The Liberals have said that:
“A future Liberal government will create a cap-and-trade system that is both verifiable and binding, with hard caps that lead to absolute reductions. A Canadian cap-and-trade system must respect certain broad principles. It must:
- be equitable to all regions;
- emissions targets must not punish early-adopters who have already taken action to reduce emissions;
- cover all industries with no exceptions;
- be compatible with a U.S. cap-and-trade and other systems in the world; and
- put a price on carbon by permitting credits to be auctioned and traded in international markets.”

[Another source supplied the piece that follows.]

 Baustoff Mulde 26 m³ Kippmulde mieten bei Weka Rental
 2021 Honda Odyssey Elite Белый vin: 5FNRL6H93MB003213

The first question I have is where the hard cap is set. A hard cap sounds stringent, especially if you say it loudly and emphatically, but it really is all about the numbers. A hard cap of 1200 Mt per year (50% higher than Canada’s emissions today), starting in 2013, increasing at 4% per year would not do much at all…but it would be a hard cap. So, the first question the Liberals need to answer is What’s the Cap?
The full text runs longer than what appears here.